Neustadt-Neuschönefeld
Stadtbezirk: Ost
Neustadt-Neuschönefeld grenzt im Westen an den Ortsteil Zentrum-Ost, im Osten an Volkmarsdorf sowie Anger-Crottendorf, im Süden an Reudnitz und im Norden an die Anlagen der Leipzig-Dresdner Eisenbahn. Der Ortsteil umfasst die beiden Stadtteile Neustadt und Neuschönefeld vollständig sowie kleine Teile der Stadtteile Reudnitz und Alt-Leipzig.
Der Ortsteil entstand am 18. März 1992 durch Beschluss der Stadtverordnetenversammlung, als die Kommunale Gliederung eingeführt wurde.
Geschichte
Neustadt
Leipzig-Neustadt ist eine neuere Ortsgründung. Es entstand nach 1866 auf der Feldparzelle des Rittergutes Schönefeld und hatte bis in die 70er Jahre des vorigen Jahrhunderts die Form eines rechtwinkligen Dreiecks.

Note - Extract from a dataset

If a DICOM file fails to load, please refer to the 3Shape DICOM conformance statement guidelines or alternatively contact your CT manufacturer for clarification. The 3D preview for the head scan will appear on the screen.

Das Territorium lag, nach heutigen Straßenbezeichnungen zwischen Eisenbahnstraße im Süden, Hermann-Liebmann- Straße im Osten und Rosa-Luxemburg-Straße verlängert gedacht bis zum heutigen Stannebeinplatz.

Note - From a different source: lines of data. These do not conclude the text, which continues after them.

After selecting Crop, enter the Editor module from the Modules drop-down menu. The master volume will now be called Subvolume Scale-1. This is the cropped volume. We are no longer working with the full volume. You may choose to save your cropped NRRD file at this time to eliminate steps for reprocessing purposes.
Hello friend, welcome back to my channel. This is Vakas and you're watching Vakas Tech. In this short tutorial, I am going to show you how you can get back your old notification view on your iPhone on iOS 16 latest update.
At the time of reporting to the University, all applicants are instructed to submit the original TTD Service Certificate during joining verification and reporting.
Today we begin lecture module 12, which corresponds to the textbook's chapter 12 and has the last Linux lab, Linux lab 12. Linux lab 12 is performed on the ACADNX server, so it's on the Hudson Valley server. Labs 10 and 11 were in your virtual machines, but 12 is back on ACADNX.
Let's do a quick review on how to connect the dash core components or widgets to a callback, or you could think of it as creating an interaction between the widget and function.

Zentrum der Neustadt ist noch heute der Neustädter Markt mit der neogotischen Heiligkreuzkirche.
Neuschönefeld
Neuschönefeld wird vom ursprünglichen Stadtgebiet Leipzigs nur durch eine breite Straße getrennt. Das alte Gemeindegebiet Neuschönefelds bildet etwa ein Dreieck, begrenzt durch die Eisenbahnstraße im Norden, Hermann-Liebmann-Straße im Osten und einer Südwest-Grenzlinie zwischen Melanchton-, Jonasstraße, Rabet, Marthastraße.

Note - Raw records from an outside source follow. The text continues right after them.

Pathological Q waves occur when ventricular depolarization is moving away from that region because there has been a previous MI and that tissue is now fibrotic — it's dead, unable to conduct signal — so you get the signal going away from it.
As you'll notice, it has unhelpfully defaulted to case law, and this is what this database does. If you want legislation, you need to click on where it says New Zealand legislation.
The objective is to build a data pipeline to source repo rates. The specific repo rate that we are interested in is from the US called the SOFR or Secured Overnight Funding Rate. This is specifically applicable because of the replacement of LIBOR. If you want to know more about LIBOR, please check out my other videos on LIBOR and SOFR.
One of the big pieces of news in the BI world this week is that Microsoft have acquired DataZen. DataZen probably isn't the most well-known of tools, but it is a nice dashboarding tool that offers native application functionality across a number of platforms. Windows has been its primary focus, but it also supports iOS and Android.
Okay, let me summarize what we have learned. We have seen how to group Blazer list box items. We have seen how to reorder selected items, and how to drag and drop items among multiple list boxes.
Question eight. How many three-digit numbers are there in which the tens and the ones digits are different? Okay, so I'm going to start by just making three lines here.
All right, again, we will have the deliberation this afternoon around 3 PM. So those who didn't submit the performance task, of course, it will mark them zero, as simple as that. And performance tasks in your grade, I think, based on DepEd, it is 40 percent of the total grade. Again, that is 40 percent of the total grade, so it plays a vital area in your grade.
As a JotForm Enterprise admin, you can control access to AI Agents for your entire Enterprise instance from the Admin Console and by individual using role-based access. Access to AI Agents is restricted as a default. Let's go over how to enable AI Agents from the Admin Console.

Diese etwas unregelmäßig erscheinende Südwest-Begrenzung lässt sich zum Teil auf den heute nicht mehr sichtbaren Verlauf des Grenzflußes Rietzschke und zum anderen Teil auf bereits vorher bestehende Grenzen von Nachbargemeinden zurückführen.
Neuschönefeld ist, historisch gesehen, ebenfalls eine neuere Ortsgründung. Es ist weder aus einer bäuerlichen Dorfgemeinschaft noch aus einem alten Ortskern heraus gewachsen.
Grund und Boden gehörten ehemals zu den Feldern des Ritterguts Schönefeld, deren südlichste Feldparzelle bis an die Rietzschke reichte. Ab 1831 wurde dieses Feld für Bauspekulationen freigegeben, weil durch den fortschreitenden Bau der Leipzig-Dresdner Eisenbahnlinie eine Bewirtschaftung des Bodens zunehmend unrentabel erschien.